Osteoporosis
A systemic disease characterised by low bone mass and structural deterioration of bone. A value for BMD (bone
mass density) that is more than 2.5 SD below the young adult mean value. High prevalence in post-menopausal
women - 2% at 50 years and 25% at 80 years in women.
Causes nearly 9 million fractures annually worldwide:
- Fragility fractures: caused by a fall from a standing height or less (commonly in the spine, hip and wrist)
- 300,000 fragility fractures in the UK each year
- Hip fractures are fatal in 20% of cases and permanently disables in 50% of cases
Bone cells
Osteoblasts = form bone matrix. Derived from mesenchymal cells. Metabolically active. Control osteocytes.

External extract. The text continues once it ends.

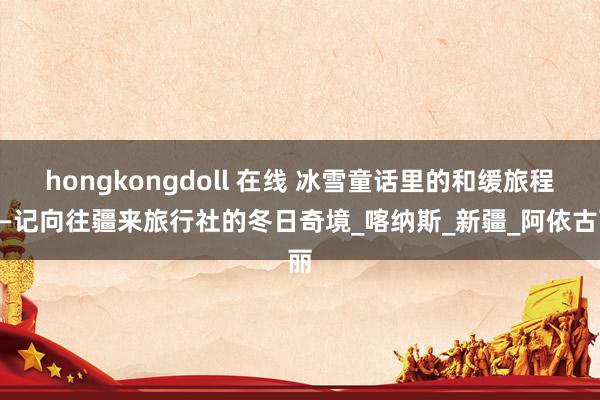 hongkongdoll 在线 冰雪童话里的和缓旅程——记向往疆来旅行社的冬日奇境_喀纳斯_新疆_阿依古丽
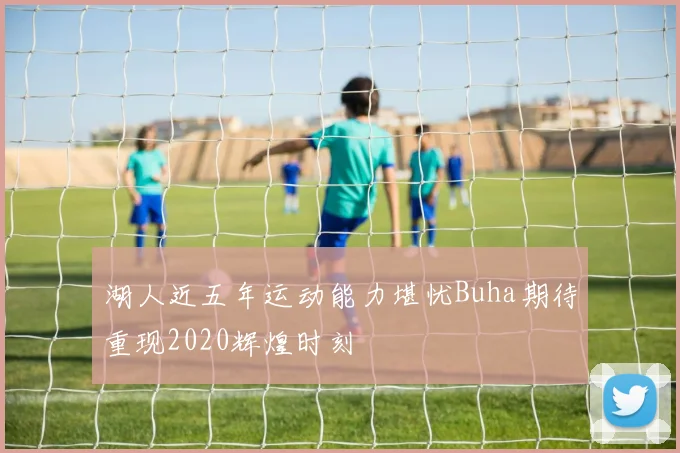 湖人近五年运动能力堪忧Buha期待重现2020辉煌时刻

Osteocytes = maintain bone tissue. Lower metabolic activity. Connected by canaliculi (for nutrient diffusion and cell-
cell communication)
Osteoclasts = bone resorption. Very large. Contain lysosomes and mitochondria. Derived from mononuclear cells in
marrow.
Pathogenesis
Bone mass increases with age until it peaks in 20/30s. At ages of >50/60s the bone mass decreases due to genetics
(Wnt pathway), diet (low calcium), exercise (no loading), oestrogen (decrease by 90% post menopause), disease
(decreases calcium absorption) and drugs (corticosteroids).
Diagnosis
Bone mineral density is assessed using dual-energy x-ray absorptiometry – non-invasive, low radiation x-ray that can
discriminate between soft and mineralised tissues and is used to measure different skeletal sites to predict risk of
fracture at that site. Osteopenia = too little bone.
Therapies
Raloxifene targets oestrogen, decreases risk of vertebral fractures but increases risk of thromboembolism.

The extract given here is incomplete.